There are two flavors of fisheyes - pickled and fresh.

(Sir - wrong topic)

what do you mean this isn't a cooking writeup?

(This is a photography writeup)

You mean I ate those... ewww...

Ok, there are two flavors of fisheyes - full frame and circular frame.

The essence of a fisheye lens is to get an extremely wide angle of view - typically 180 degrees or more. With most lenses (including those in our eyes), straight lines are rendered as straight lines. This is known as rectalinear. Even with wide angle lenses, this is corrected for (or nearly corrected for). Small curvature at the edges is forgiven by the brain or just overlooked altogether. The fisheye lenses are deliberately not corrected for this - and thus the difference between a fisheye and a super wide-angle lens (which do render straight lines as straight lines).

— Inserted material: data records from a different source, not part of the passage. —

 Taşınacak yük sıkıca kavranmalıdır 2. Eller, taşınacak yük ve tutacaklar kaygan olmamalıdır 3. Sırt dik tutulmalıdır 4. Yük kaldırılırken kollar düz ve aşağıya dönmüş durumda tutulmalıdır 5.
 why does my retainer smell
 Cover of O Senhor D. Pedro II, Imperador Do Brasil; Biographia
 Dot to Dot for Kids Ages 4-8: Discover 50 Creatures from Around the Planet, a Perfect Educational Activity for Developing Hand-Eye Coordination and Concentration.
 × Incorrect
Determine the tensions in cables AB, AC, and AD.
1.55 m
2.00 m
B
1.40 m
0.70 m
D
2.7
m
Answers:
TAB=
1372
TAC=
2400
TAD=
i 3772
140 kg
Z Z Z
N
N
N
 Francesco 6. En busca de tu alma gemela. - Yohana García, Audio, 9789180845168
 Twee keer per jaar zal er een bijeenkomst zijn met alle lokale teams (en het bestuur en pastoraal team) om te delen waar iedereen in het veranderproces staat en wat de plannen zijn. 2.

The classic fisheye lens is the circular frame and provides "edge to edge" 180 degree angle of view. These lenses only expose a portion of the film but also capture a full hemisphere (180 degrees by 360 degrees). Sometimes, these lenses are even wider and capture up to 220 degrees from edge to edge (I've heard of one capturing 270 - yes, thats right 270 degrees - you can be behind the camera and still be in the photograph).

The other 'flavor' of fisheye lens is a full frame fisheye. These lenses do not have the same field of view from edge to edge as does the circular frame fisheye and instead have a 180 degree field of view from corner to corner. These are still fisheye lenses despite the less classical viewing - they still render straight lines as curves.

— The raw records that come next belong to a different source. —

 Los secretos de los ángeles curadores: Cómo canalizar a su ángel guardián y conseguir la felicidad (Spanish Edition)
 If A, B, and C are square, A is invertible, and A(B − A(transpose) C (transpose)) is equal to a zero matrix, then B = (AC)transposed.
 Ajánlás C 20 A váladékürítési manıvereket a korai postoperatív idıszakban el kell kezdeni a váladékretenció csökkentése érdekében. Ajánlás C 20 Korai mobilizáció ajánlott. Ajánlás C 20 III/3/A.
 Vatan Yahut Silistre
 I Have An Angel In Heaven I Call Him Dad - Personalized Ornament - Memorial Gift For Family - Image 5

There is a big difference between the full frame fisheye and the circular frame fisheye - and that is price. The Nikon 16mm f/2.8 fisheye lens (full frame) runs about $800 new. Meanwhile, the 6mm f/2.8 circular frame fisheye runs a tad more - on the order of $14,000. The full frame fisheye is often more useful unless you specially want the circular frame for effect. The full frame allows you to capture almost a complete hemisphere (though not quite) and is useful for concerts, landscapes, super-wide group photographs - you name it.

Ok, so you want to take a photograph with a fisheye lens now. What should you keep in mind?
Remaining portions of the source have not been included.